* [Task inputs]
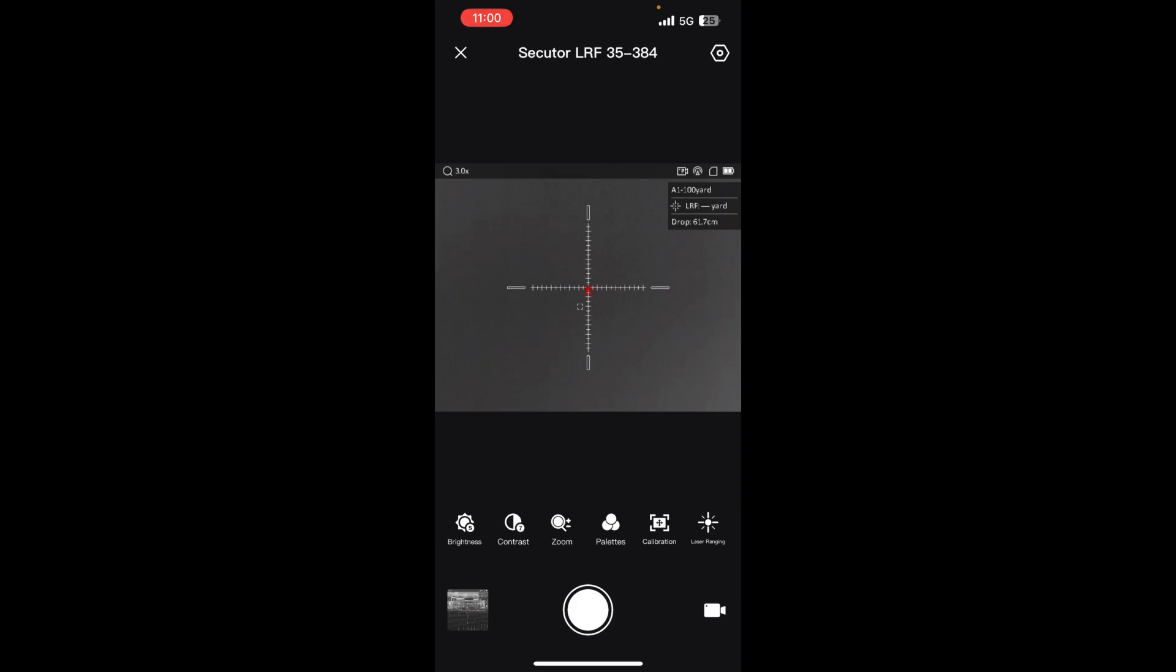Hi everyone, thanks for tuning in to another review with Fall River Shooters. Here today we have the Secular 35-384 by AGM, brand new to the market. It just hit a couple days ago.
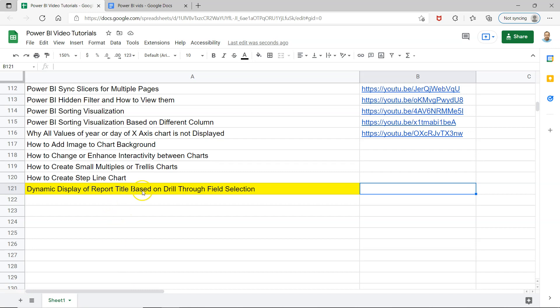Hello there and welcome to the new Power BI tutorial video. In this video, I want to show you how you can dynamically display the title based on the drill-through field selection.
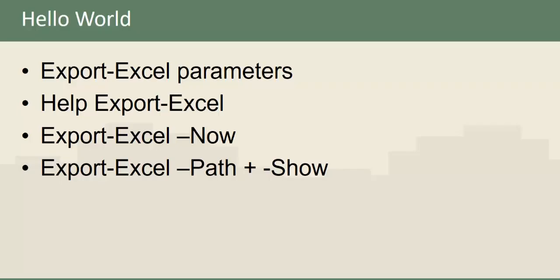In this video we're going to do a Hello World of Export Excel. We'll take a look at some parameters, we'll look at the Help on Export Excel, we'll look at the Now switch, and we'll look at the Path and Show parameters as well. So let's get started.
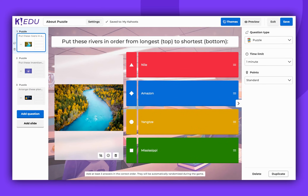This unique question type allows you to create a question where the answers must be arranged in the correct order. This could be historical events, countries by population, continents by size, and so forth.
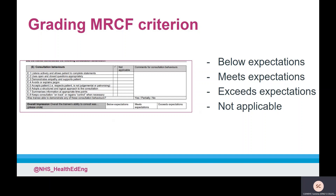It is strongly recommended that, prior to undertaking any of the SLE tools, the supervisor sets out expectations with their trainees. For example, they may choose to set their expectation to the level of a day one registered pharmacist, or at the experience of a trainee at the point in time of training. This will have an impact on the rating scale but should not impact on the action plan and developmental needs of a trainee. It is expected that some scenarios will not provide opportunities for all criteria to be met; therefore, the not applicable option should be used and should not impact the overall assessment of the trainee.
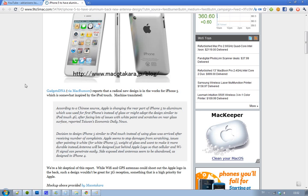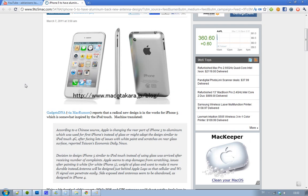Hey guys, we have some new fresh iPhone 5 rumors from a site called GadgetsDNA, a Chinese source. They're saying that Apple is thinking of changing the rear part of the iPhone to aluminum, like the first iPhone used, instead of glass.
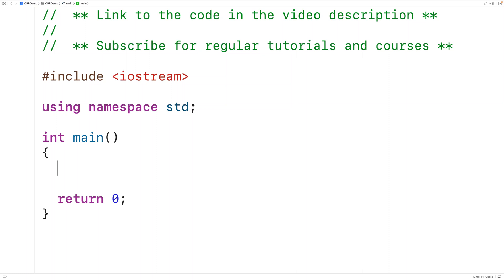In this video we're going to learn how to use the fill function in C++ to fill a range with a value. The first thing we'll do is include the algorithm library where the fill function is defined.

* [Exercise aim] In the copy, include every record exactly and no pictures at all.

* [Exercise response]
Hi everyone, thanks for tuning in to another review with Fall River Shooters. Here today we have the Secular 35-384 by AGM, brand new to the market. It just hit a couple days ago.
Hello there and welcome to the new Power BI tutorial video. In this video, I want to show you how you can dynamically display the title based on the drill-through field selection.
In this video we're going to do a Hello World of Export Excel. We'll take a look at some parameters, we'll look at the Help on Export Excel, we'll look at the Now switch, and we'll look at the Path and Show parameters as well. So let's get started.
This unique question type allows you to create a question where the answers must be arranged in the correct order. This could be historical events, countries by population, continents by size, and so forth.
It is strongly recommended that, prior to undertaking any of the SLE tools, the supervisor sets out expectations with their trainees. For example, they may choose to set their expectation to the level of a day one registered pharmacist, or at the experience of a trainee at the point in time of training. This will have an impact on the rating scale but should not impact on the action plan and developmental needs of a trainee. It is expected that some scenarios will not provide opportunities for all criteria to be met; therefore, the not applicable option should be used and should not impact the overall assessment of the trainee.
Hey guys, we have some new fresh iPhone 5 rumors from a site called GadgetsDNA, a Chinese source. They're saying that Apple is thinking of changing the rear part of the iPhone to aluminum, like the first iPhone used, instead of glass.
In this video we're going to learn how to use the fill function in C++ to fill a range with a value. The first thing we'll do is include the algorithm library where the fill function is defined.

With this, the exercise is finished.